Auch wenn der Valentinstag gerade vorbei ist, das Buch „Nähe“ von Giovanni Frazzetto liefert in acht Kurzgeschichten mit Fakten ein Kaleidoskop unterschiedlicher Bindungen. Die Stories sind verknüpft mit den neuesten Erkenntnissen aus den Neurowissenschaften und der Psychologie. Schon der Klappentext macht neugierig auf das  Zusammenspiel zwischen Körper (Hirn, Hormone, Molekühle) und  Geist (Gefühle, Gedanken) Liebe und Nähe ergeben.

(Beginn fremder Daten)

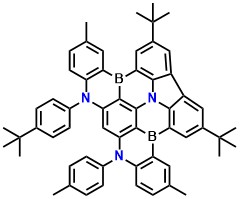 CzB2-M/TB 2,5-di-tert-butyl-13-(4-(tert-butyl)phenyl)-8,16-dimethyl-11-(p-tolyl)-11,13-dihydro-3a2,11,13-triaza-6b,17b-diboraindeno[4',3',2',1':3,4,5]phenanthro[2,1,10,9-fghi]pentacene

Zwischen Herz und Hirn – Die Neurobiologie der Liebe

Warum ziehen sich Gegensätze an?  Warum stoßen sie sich dann ab? Und warum will der Geliebte eigentlich plötzlich Freiraum? – Frazzettos acht Geschichten erzählen unter anderem von solchen Fragen. Das Büchlein bietet ein kleines Kaleidoskop unterschiedlichster Bindungen. Die Geschichten drehen sich um Einsamkeit, um den Schlüssel zur dauerhaften Partnerschaft, bedingungsloses Einlassen, oder auch (Überraschung!) das Gefühl von Nähe und Verbundenheit im familiären Kontext. In jeder Geschichte verweisen kleine Fußnoten auf das Glossar. Einige Erkenntnisse aus den Wissenschaften bindet der Autor direkt in seine Erzählung ein. Weiterführende Quellen oder Erläuterungen verlagert er ins Glossar. So kann jede LeserIn selbst entscheiden, ob es sich anbietet, direkt tiefer in die präsentierten Fakten einzusteigen. Besonders fleißige und wissbegierige Leser können Frazzetto als Einstieg in die jeweiligen Kurzgeschichten-Oberthemen nehmen. Im Glossar findet sich auch eine ganze Reihe von Leseempfehlungen weiterer Bücher. Diesen Umweg habe ich nicht gemacht.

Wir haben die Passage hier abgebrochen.